The powers that be decided that it was not accessible to have javascript enabled. The client wanted the site to have all the nice Ajax touches and be accessible with no js.
We ended up having to sniff if .js was enabled and if not we would redirect to a non-js page.
We ended up having to do 2 versions of some of the pages.
Real pain in the ass
I am obviously biased (follow my URL) but I tend to think that JS is a "representation/UI thing" and when people starts considering having entity classes and domain logic in their JS files I get really un-well...
For us JavaScript is a presentation thing and by following that path all the way down we've managed to create a library where JavaScript is used for nothing else than rendering UI Widgets and the complete domain logic resides on the server and uses a rich API towards the browser to send bursts of "update widget" messages that's taken care of in the browser completely without the end user's knowledge or need thereof.
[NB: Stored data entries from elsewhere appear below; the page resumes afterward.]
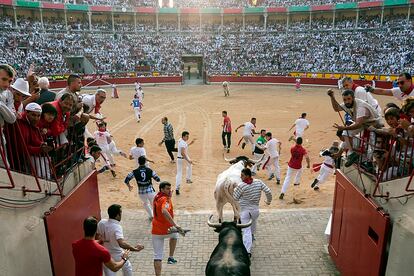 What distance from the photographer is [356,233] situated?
5227 mm

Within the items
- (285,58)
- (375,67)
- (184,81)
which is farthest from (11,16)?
(375,67)

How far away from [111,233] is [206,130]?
12.6m

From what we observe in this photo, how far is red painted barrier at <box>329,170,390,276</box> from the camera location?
434 centimetres

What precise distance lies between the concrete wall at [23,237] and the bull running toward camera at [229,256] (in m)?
2.06

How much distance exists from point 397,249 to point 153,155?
10.2 meters

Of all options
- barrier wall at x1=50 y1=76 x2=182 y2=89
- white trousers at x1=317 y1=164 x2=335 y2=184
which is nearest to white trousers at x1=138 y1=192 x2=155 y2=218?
white trousers at x1=317 y1=164 x2=335 y2=184

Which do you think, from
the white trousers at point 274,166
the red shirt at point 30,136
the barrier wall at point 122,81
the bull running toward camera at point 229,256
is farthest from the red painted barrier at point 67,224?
the barrier wall at point 122,81

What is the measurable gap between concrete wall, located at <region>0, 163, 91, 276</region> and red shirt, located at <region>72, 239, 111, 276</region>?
1.62 feet

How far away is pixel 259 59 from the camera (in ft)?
145

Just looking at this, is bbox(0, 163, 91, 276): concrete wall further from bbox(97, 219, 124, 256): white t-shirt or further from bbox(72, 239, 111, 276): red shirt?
bbox(97, 219, 124, 256): white t-shirt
This creates a solution where the end user can have his entire business logic on the server and just set properties and call methods on his widgets from server-side code to let the JS "back-end" take care of the rendering. A nice example of just that is by looking at our samples website;
http://ajaxwidgets.com/AllControlsSamples/
which is written entirely in C# and doesn't contain even one line of "Custom JavaScript". I think of JavaScript as the "assembly programming" language of today, sure your "compiler writer" needs to know about it, but does the "application vendor" need to...?
As in we as a library vendor are a "compiler writer" and you as an "application writer" are an "application vendor"...
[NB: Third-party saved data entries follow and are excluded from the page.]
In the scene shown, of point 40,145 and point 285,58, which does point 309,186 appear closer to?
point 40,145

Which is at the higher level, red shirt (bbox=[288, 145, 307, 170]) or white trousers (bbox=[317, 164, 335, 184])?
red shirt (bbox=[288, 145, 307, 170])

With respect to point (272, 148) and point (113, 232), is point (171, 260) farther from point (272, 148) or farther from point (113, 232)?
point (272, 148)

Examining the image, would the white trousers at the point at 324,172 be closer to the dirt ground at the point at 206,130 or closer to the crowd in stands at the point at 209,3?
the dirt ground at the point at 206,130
But since we're building on top of WebControls the MonoRails and MVC goes out the door ;)
So I guess it all falls down to what's most important, being able to utilize the MVC of MonoRails or being able to "forget" about everything that has to do wth JavaScript...?
BTW, Gaia is built on top of prototype.js and ScriptAculous...
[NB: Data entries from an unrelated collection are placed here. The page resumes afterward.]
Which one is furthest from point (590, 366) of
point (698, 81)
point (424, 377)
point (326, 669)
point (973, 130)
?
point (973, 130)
With regards to performance, I found these benchmarks very useful:
http://www.quirksmode.org/dom/innerhtml.html
I found it amazing that using the DOM to render HTML to the screen was so much slower in IE (30x!!) than writing strings and letting the browser parse them. I would have thought it would be more efficient for the browser to parse a DOM structure than strings, but clearly not.
Hi Ayende,
apart from the base discussion, talking about JS frameworks (Prototype, jQuery and so on) try to take a look at mootools. I find it less "puritan" than prototype for example, but is very well designed and unit -and- behaviour tested (they'e used JSSpec) and support for that is obviously propagated to your own code, based on that.
It is really compact and can do both OO spicy things (such as adding a common eventing system, even for generic class and not just DOm elements, chaining of methods, automatic "options" (presets) to use in classes ctors and so on), and UI/FX things like a base effecting and animation system, some more advanced pre-build effects, controls and other nice features.
Finally you can find if you like a lot of welcomed new features coming soon in their blog, particularly in 1.2 (now in beta1).
Oh well... sorry for the long post... but when I talk about something I like =) ... you know...
There's nothing unusual about this. Several people have already started building up little frameworks to simplify and streamline the model.
I made one for MonoRail called jMVC.MonoRail a little while ago, see:
http://blog.codeville.net/2007/11/13/castle-monorail-meets-jmvc/
The basic difference between this and your approach is that instead of loads of document.createElement() calls, you just have a text template. Iteration and recursion can be handled using JS syntax.
Also, what about 2-way databinding? Some JS templating frameworks make that easy as well.
Sorry, here's a clickable link:
http://blog.codeville.net/2007/11/13/castle-monorail-meets-jmvc/
I agree with Steve on this. People have been doing this approach for years. However, the one concern I have is the testability of the code and also maintainability.
I second Marco. I'm currently using Extjs (with the prototype adapter) and it's really good. It's very mature (with best online api documentation) and you get a very complete set of widgets (panels, windows, etc...) that allow to programatically define the layout of the page.